→ **TO DO**: Begin at the line that has "Studded Leather Bracelet", stop after the line that has "- Black Karl", and print exactly those lines from the records below, without any pictures.

→ **GIVEN ENTRIES**:
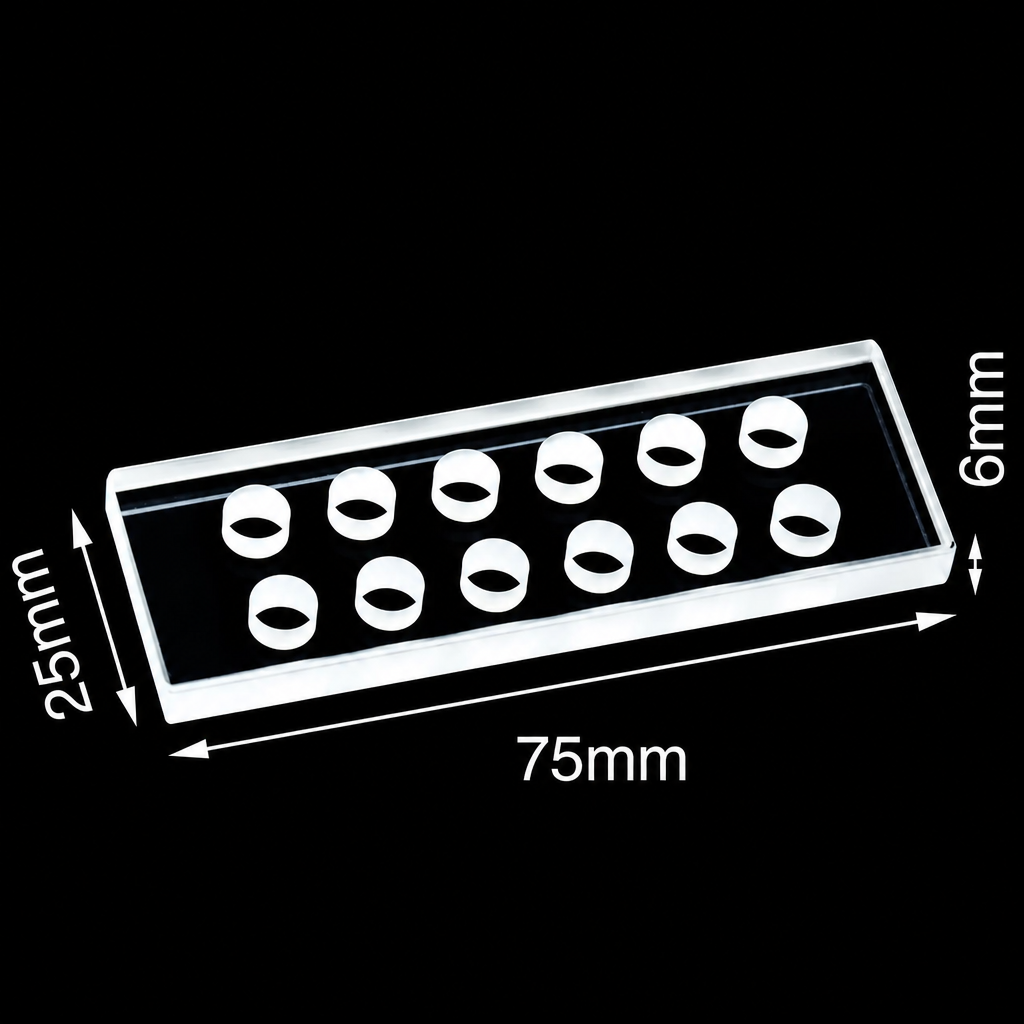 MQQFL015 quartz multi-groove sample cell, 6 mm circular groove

---

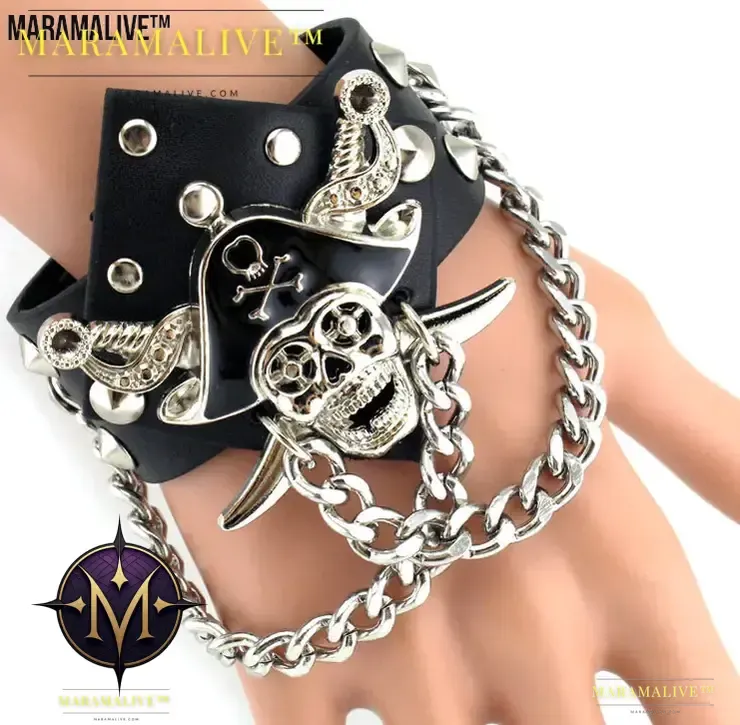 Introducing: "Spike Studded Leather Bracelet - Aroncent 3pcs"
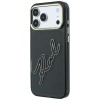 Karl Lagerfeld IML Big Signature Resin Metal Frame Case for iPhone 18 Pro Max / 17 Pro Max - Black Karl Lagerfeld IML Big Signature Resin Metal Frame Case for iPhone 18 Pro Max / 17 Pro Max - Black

* * *

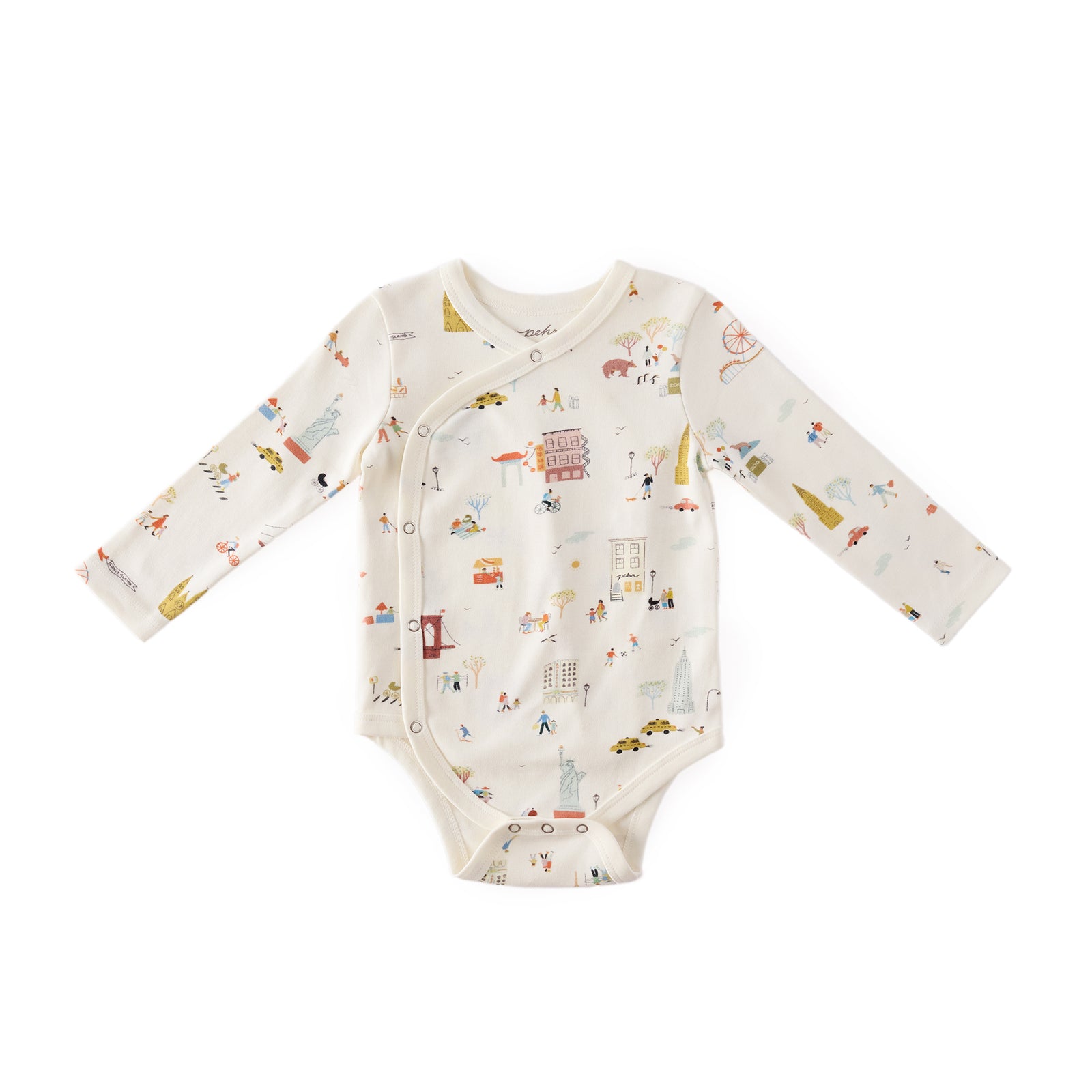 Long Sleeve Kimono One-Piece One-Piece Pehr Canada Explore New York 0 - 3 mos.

→ **ANSWER SPACE**:
 Introducing: "Spike Studded Leather Bracelet - Aroncent 3pcs"
 Karl Lagerfeld IML Big Signature Resin Metal Frame Case for iPhone 18 Pro Max / 17 Pro Max - Black Karl Lagerfeld IML Big Signature Resin Metal Frame Case for iPhone 18 Pro Max / 17 Pro Max - Black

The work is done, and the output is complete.